■ Task goal
Return the run of lines below that opens with the line containing "Sweet Escape- Hot" and closes with the line containing "110 Mowery Dr, High Point, NC 27262 photo 4", keeping each one exact.

Caption-style text data:
++++++++++++++++++++

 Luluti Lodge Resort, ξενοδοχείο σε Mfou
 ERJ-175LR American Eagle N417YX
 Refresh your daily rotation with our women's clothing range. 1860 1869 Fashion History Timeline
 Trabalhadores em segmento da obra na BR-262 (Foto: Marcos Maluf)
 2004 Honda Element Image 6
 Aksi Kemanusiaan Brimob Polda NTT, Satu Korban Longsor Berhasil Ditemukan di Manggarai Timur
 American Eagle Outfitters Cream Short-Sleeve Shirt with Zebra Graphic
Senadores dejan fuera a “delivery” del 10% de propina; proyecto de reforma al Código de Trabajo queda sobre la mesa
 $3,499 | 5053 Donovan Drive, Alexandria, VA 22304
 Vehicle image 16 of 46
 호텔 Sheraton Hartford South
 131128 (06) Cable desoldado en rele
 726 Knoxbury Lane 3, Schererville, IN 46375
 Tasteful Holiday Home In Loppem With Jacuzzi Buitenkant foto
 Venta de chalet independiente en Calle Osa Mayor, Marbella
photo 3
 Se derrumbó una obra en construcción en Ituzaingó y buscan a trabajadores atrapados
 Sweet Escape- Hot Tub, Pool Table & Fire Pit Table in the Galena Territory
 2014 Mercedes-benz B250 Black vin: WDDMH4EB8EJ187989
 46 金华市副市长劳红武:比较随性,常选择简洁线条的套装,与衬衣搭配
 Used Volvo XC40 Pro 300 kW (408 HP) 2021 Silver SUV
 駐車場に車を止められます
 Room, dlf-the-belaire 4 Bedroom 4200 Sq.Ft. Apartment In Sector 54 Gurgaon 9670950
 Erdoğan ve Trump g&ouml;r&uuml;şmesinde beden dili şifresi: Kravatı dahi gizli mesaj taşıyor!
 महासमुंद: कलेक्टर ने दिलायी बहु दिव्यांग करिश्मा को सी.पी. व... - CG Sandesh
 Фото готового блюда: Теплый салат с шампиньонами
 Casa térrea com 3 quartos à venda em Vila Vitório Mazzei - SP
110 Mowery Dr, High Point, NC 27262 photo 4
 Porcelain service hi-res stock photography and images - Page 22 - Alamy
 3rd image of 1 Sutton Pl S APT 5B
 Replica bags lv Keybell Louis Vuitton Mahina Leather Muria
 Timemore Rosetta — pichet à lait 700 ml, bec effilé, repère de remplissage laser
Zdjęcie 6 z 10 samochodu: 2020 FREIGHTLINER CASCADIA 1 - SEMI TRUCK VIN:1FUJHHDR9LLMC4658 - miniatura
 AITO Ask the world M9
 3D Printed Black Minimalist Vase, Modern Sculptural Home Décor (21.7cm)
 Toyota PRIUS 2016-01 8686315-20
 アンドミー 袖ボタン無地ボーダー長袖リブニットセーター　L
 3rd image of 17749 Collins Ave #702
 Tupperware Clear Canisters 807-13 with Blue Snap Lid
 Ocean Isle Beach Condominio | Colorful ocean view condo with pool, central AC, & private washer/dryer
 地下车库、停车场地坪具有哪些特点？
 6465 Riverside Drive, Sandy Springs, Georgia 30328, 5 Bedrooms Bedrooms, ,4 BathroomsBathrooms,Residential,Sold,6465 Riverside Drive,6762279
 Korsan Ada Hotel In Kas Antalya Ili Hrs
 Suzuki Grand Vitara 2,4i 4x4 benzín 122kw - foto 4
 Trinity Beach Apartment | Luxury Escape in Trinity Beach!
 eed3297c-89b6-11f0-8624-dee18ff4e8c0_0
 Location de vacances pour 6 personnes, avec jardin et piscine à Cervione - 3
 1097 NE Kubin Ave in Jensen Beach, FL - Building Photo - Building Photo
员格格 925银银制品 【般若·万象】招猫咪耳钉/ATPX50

++++++++++++++++++++

■ Solution for this exercise
 Sweet Escape- Hot Tub, Pool Table & Fire Pit Table in the Galena Territory
 2014 Mercedes-benz B250 Black vin: WDDMH4EB8EJ187989
 46 金华市副市长劳红武:比较随性,常选择简洁线条的套装,与衬衣搭配
 Used Volvo XC40 Pro 300 kW (408 HP) 2021 Silver SUV
 駐車場に車を止められます
 Room, dlf-the-belaire 4 Bedroom 4200 Sq.Ft. Apartment In Sector 54 Gurgaon 9670950
 Erdoğan ve Trump g&ouml;r&uuml;şmesinde beden dili şifresi: Kravatı dahi gizli mesaj taşıyor!
 महासमुंद: कलेक्टर ने दिलायी बहु दिव्यांग करिश्मा को सी.पी. व... - CG Sandesh
 Фото готового блюда: Теплый салат с шампиньонами
 Casa térrea com 3 quartos à venda em Vila Vitório Mazzei - SP
110 Mowery Dr, High Point, NC 27262 photo 4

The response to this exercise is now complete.